Friday, November 30, 2012

MOTHERBUBBLES AND HOLY SALSA


The Bug turns two this weekend. It's hard to believe and yet bringing home my little four-pounder seems like ages ago. 

It is so fun to watch her explore and develop and yet, at times, surviving the changes at this stage requires a level of patience beyond my redheaded capabilities.  Last week's full moon saw a Twilight-esque transformation from adorable princess to rabid-werewolf-child complete with new upper vamp teeth, full on attacks of rage, and uncontrollable urges to leap from furniture to furniture. Do they all go through this, or is mine just a special hybrid of spoiled brat (the Man's side) and redheaded stepchild (mine)?
Yes, the above photos are the same kid. 

Your kid might be turning two if:
The answer to every question is "YESNO" or "NOYES," followed by ten minutes of thrashing and and throwing toys.

When you pass an RV or a fire engine on the road, you think it looks like a character from Cars instead of a vehicle.

Your Netflix is trippin because it thinks your "recommended" preferences are all day-glo animated kid shows and you just want to watch something violent with angry adults in it. NO GABBA GABBA if you know what I mean?

A tiny person is running around your house saying "awww salsa" and "oh bubbles", because every swear word you use is instantly repeated back to you, only louder, and more often, causing you to replace the F-word with "Bubbles" and shit with "salsa." Example: Eat Salsa DJ Lance. 

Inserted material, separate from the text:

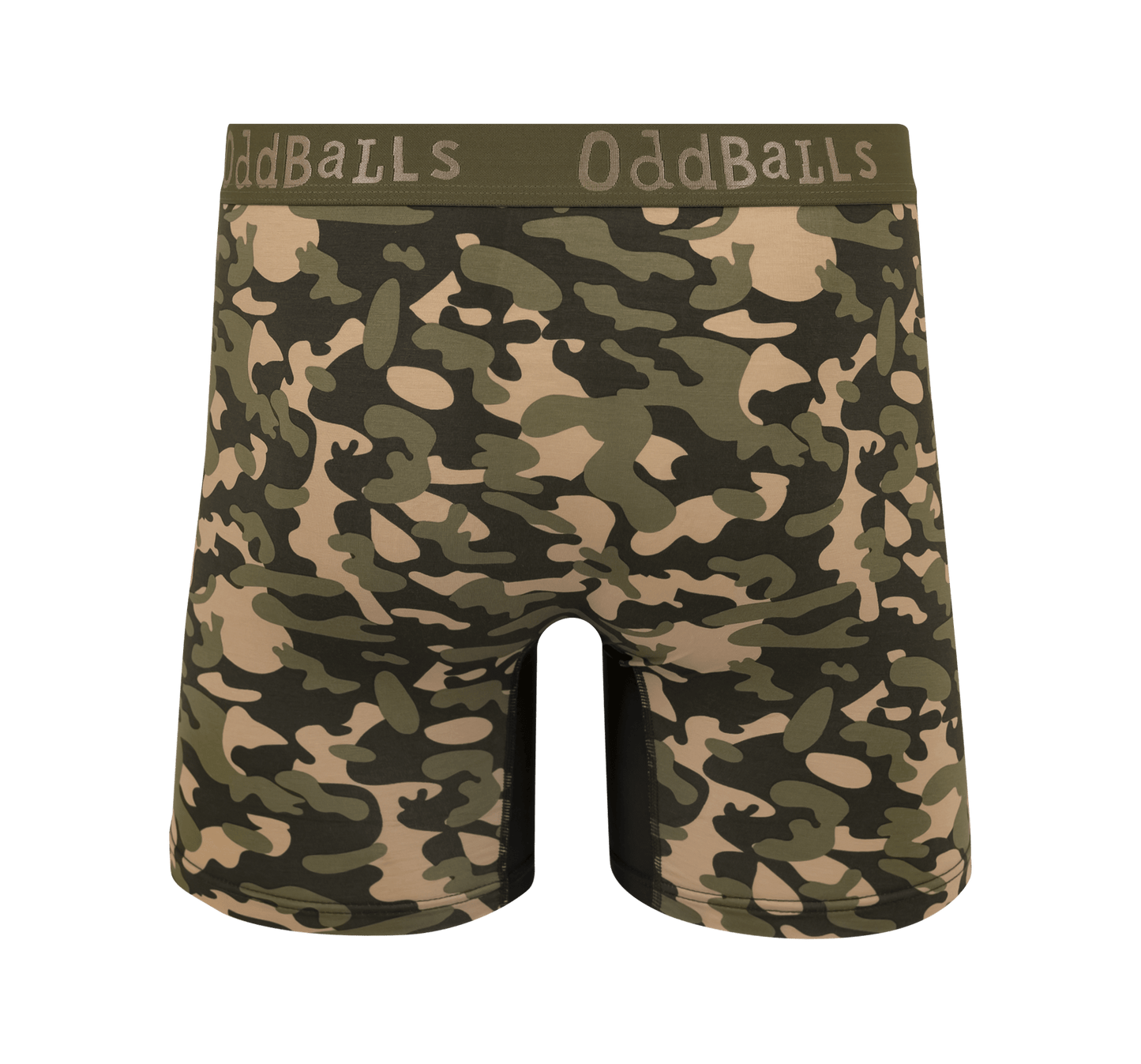 OddBalls Commando - Mens Bamboo Boxer Shorts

Your kid automatically associates cookies with going to Target because you've been doing an embarrassing amount of bribery just to get through the store with your Clorox wipes and half and half without a meltdown. And the express lane is just too bubblin' slow.

Approximate time to move from the house to the car for an event is somewhere around an hour and a half, starting with ten minutes to get the jammies off, approximately 20 minutes of chasing tiny person around living room with a clean diaper, another ten for putting on clean clothes, another ten putting on sweatshirt, another ten for putting on shoes, another ten for finding keys hidden by tiny person. Another ten for finding left shoe removed by tiny person while finding keys and putting left shoe back on. Another 25 for convincing argument and negotiations to get tiny person in car seat. Another ten for putting shoes removed while in carseat back on feet. Five for mom breathing deeply and trying to ward off stroke, before trying to operate vehicle.  Repeat for leaving original destination. Bonus points for remembering where you were going in the first place or actually remembering the package you were going to mail.

While all of this is true, at this stage she couldn't be cuter. She couldn't be funnier. She couldn't be more honest and tender. When she's mad, she bangs her head on the floor. When she's happy, she smothers you with cuddles and kisses. If only it were that simple when we get older.  Banging my head on the floor sounds about right, some days.  

Cheers to being two, my little Bug!  You are the cutest little salsa in the world and you leave your sparkle on everyone who meets you.